Il termine minimo di conservazione è indicato «da consumarsi preferibilmente entro il …» quando la data comporta l’indicazione del giorno, — «da consumarsi preferibilmente entro fine …», negli altri casi. Per gli alimenti conservabili per meno di tre mesi è sufficiente indicare il giorno e il mese per quelli conservabili per più di tre mesi ma non oltre i diciotto si indica il mese e l’anno, per quelli oltre i diciotto mesi è sufficiente l’indicazione dell’anno. La legge europea 2015-2016 (pubblicata in GU in data 08/07/2016) ha modificato l’etichetta dell’olio d’oliva facendo decadere il termine massimo dei 18 mesi dall’imbottigliamento previsto dall’articolo 7 della legge Salva Olio.
I 18 mesi era il termine massimo da indicare in etichetta dalla data di imbottigliamento. Essendo il limite stabilito sulla data di imbottigliamento, e non su quella di produzione, era impossibile capire, tranne per i Dop/Igp, se l’extra vergine fosse una miscela di oli di diverse campagne olearie. La nuova formulazione, però, prevede l’obbligatorietà dell’inserimento della campagna olearia di produzione, ovvero della data di produzione, nel caso l’olio sia 100% italiano e integralmente prodotto in una sola annata. Per chi acquista 100% italiano, quindi, vi sarà una possibilità in più di distinguere il prodotto. A scaffale, infatti, troveremo oli 100% italiani che presentano la data di scadenza ma non la campagna olearia, quindi frutto di miscele di oli di diverse annate, e oli 100% italiani che presentano la data di scadenza e la campagna olearia di produzione, evidenziando, quindi, anche quando l’olio è stato prodotto.

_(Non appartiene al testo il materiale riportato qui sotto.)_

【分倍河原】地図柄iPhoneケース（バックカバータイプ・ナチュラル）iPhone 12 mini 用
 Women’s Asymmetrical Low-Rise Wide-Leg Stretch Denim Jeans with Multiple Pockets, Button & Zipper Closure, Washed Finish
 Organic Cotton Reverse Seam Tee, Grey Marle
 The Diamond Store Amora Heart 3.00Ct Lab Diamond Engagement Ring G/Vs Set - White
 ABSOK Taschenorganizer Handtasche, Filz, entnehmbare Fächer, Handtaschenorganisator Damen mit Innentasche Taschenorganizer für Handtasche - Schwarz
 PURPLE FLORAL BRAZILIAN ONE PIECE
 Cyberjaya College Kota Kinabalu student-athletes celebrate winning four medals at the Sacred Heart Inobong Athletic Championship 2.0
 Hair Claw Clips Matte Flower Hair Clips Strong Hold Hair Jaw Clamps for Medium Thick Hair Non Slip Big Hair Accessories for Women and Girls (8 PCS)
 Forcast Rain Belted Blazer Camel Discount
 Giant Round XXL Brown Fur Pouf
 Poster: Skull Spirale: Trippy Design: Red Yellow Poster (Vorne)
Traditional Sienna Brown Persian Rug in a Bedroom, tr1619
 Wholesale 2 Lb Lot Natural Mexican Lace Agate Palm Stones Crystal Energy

6. Deve comparire in etichetta sia l’operatore del settore alimentare responsabile delle informazioni sugli alimenti sia l’indicazione del paese d’origine o del luogo di provenienza nel caso in cui l’omissione di tale indicazione possa indurre in errore il consumatore in merito al paese d’origine o al luogo di provenienza reali dell’alimento.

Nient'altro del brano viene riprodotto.